6º - No inventário n.º 7/87, os ora réus requereram, a 2.11.1994, a sua intervenção nesses autos.

7º - Tal requerimento foi indeferido.

8º - Os ora réus recorreram desse despacho que os não admitiu a intervir no inventário.

9º - Por douto acórdão do Tribunal da Relação do Porto de 12.12.1995, foi negado provimento a tal recurso.

10º - Os ora Réus recorreram desse douto acórdão.

11º - Por douto acórdão do Supremo Tribunal de Justiça de 29.19.1996, foi negado provimento ao recurso interposto do douto acórdão do Tribunal da Relação do Porto de 12.12.1995.

12º - Nos termos do mapa da partilha elaborado nos referidos autos de inventário n.º 7/87, as verbas nºs. 5 e 6, ali relacionadas e atrás descritas, foram licitadas por AA, aqui autor, para preenchimento do seu quinhão.

13º - A partilha constante desse mapa foi homologada por sentença, nos termos da qual foram adjudicados a cada um dos herdeiros os quinhões ali atribuídos.

14º - Encontra-se descrito na Conservatória do Registo Predial de S. João da Pesqueira, com o n.° 00.../0... da Freguesia de Vilarouco, um prédio rústico denominado “Rijadouro“, composto de pastagem e oliveiras, com a área de 8.750 m2, confrontando a norte com HH, a sul com II, a nascente com JJ e a poente com LL, inscrito na respectiva matriz predial sob o art.º ..., prédio esse que corresponde ao imóvel descrito como verba n.° ..., referido em 1º supra.

15º - Relativamente a este prédio, encontra-se inscrita a aquisição, por acção de preferência, a favor de BB, ora Réu, então casado sob o regime de comunhão gera de bens com CC, inicialmente Ré nesta acção, tendo entretanto sido habilitados como seus sucessores o réu, seu marido, e as suas filhas já identificadas.

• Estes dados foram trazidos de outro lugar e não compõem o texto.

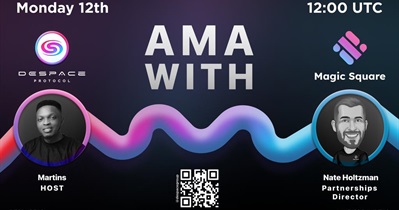 Telegram'deki AMA etkinliği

16º - Encontra-se descrito na Conservatória do Registo Predial de S. João da Pesqueira, com o n.° 00.../0... da Freguesia de Vilarouco, um prédio rústico denominado “Vilela”, composto de terra de batata, trigo, pastagem e amendoeiras, oliveira e vinha, com a área de 12.400 m2, confrontando a norte e a sul com Herdeiros de MM, a nascente com NN e a poente com OO, inscrito na respectiva matriz sob o art.º ..., prédio este que corresponde ao imóvel descrito como verba n.° ..., referida em 1º supra.

17º - Relativamente a este prédio, encontra-se inscrita a aquisição, por acção de preferência, a favor de BB, ora Réu, então casado, sob o referido regime de bens, com CC.

18º - Pelo menos a partir de 15.6.1988, os Réus cultivaram todos os anos o prédio descrito em 1º-b/, denominado “Vilela”, granjeando a respectiva vinha e olival e colhendo os frutos nele produzidos.

19º - Os Réus praticaram os factos descritos no Ponto anterior à vista e com o conhecimento das pessoas residentes no lugar de Vidigal, na Freguesia de Vilarouco, concelho de S. João da Pesqueira.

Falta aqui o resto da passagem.